Même chose avec le nez qui coule des enfants… alors que, bon, on ne les appelle pas « morveux » pour rien, non ? Habituellement, le nez d’un enfant coule sans interruption pendant au moins six mois de l’année, pourquoi en irait-il différemment en ce moment ? Et si le nez de la petite coule aussi généreusement ce matin, c’est sans doute qu’une poussée dentaire l’agace — il y a d’autres signes : son réveil en pleurs cette nuit, son irritabilité, son désir d’être toujours dans nos bras.

Pour les grands garçons, la situation est beaucoup plus paradoxale : n’étant plus en contact avec leur collectivité habituelle, leurs nez sont justement… Tout secs ! Sauf lorsqu’ils se disputent un peu violemment, ce qui est déjà arrivé une fois depuis le début du confinement, mais ce qui coulait n’était alors que du sang : ouf, serait-on presque tentés de souffler !

Le seul souci de santé qui pourrait vraiment nous pourrir la vie aujourd’hui, c’est le dos : ne plus pouvoir porter les enfants. Et un mauvais geste ce matin en tentant d’habiller le cadet a résulté en un point douloureux, au milieu du dos, vers le haut. À surveiller.

Mais les psychoses vont bon train. Comme les paranoïas. Expérience surréaliste hier après-midi, dans une queue devant une pharmacie : l’une des clientes, un peu pompeuse et paternaliste, certes, commençait à donner des cours d’hygiène et de fabrication de masque à une autre, qui s’offusquait : sa réaction était presque violente, disproportionnée. Elle prenait ce cours a priori bienveillant (même si profondément agaçant, j’en conviens) comme une attaque à sa dignité.

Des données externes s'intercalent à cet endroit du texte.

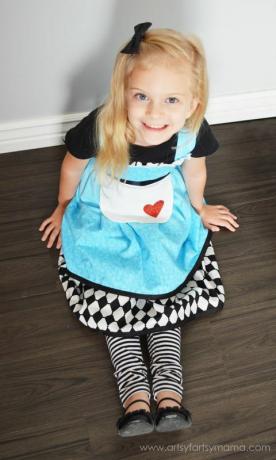 малко момиченце, облечено като Алиса в страната на чудесата в рокля на предната част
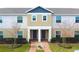 Tan two-story townhome with gray doors and landscaping at 215 Annabelle Way, Davenport, FL 33837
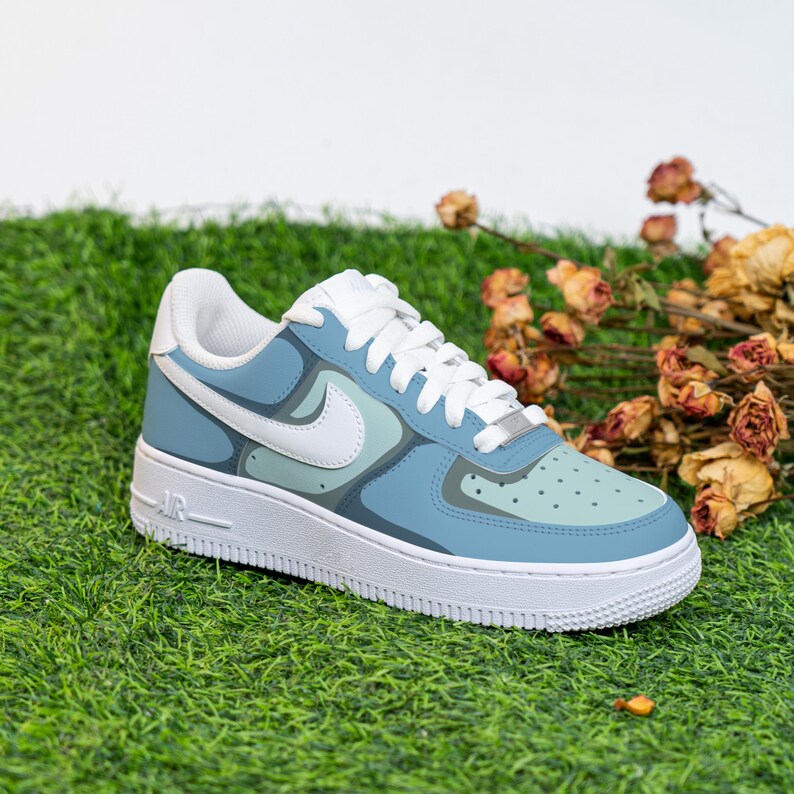 Puede incluir: Un par de zapatillas azules y blancas con un dise&ntilde;o abstracto &uacute;nico. Las zapatillas tienen una suela blanca y un logotipo swoosh blanco en el lateral.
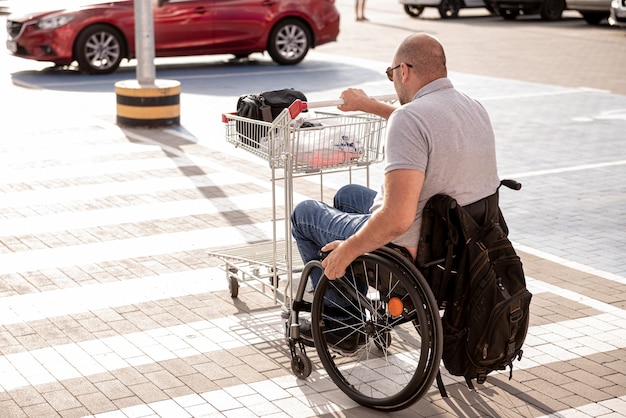 Zdjęcie osoba z niepełnosprawnością ruchową pcha wózek w kierunku samochodu na parkingu supermarketu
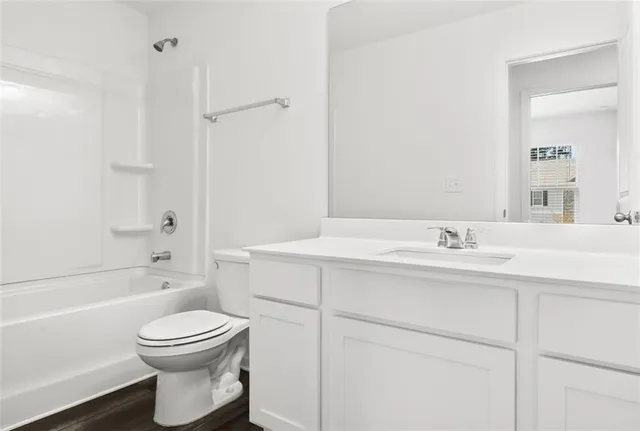 a bathroom with a toilet sink vanity tub and shower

Ma plus grande peur, même si j’essaie à tout prix de la refouler, vient de ma compagne et de son travail exposé à l’hôpital. D’autant plus que, dans l’unité cognitivo-comportementale où elle a été réaffectée après la fermeture de son service, les mesures de confinement sont impossibles à imposer, eu égard à l’état de santé et de conscience des patients. Sans parler des « gestes-barrières » : la vieillesse est une deuxième enfance, et en l’occurrence, cette seconde enfance est pire que la première en termes d’apprentissage de l’hygiène — le terme « apprentissage » était ici choisi à dessein. Pas de confinement, pas ou peu de protection disponible. Deux tests seulement du virus possible : on attend donc que les suspicions de cas deviennent plus que de simples suspicions avant de griller ces dernières cartouches.

Donc, peur pour ma compagne, ça c’est certain.

Mais peur aussi des psychoses et paranoïas qui s’installent dans notre société. Les images de toutes ces épidémies hollywoodiennes reviennent en mémoire avec leurs lots de violences, de pillages, de mépris, de boucs émissaires… Cette épidémie, et les moyens a priori hyper renseignés scientifiquement pour l’affronter, sont paradoxalement en train de replonger dans une forme de moyen âge.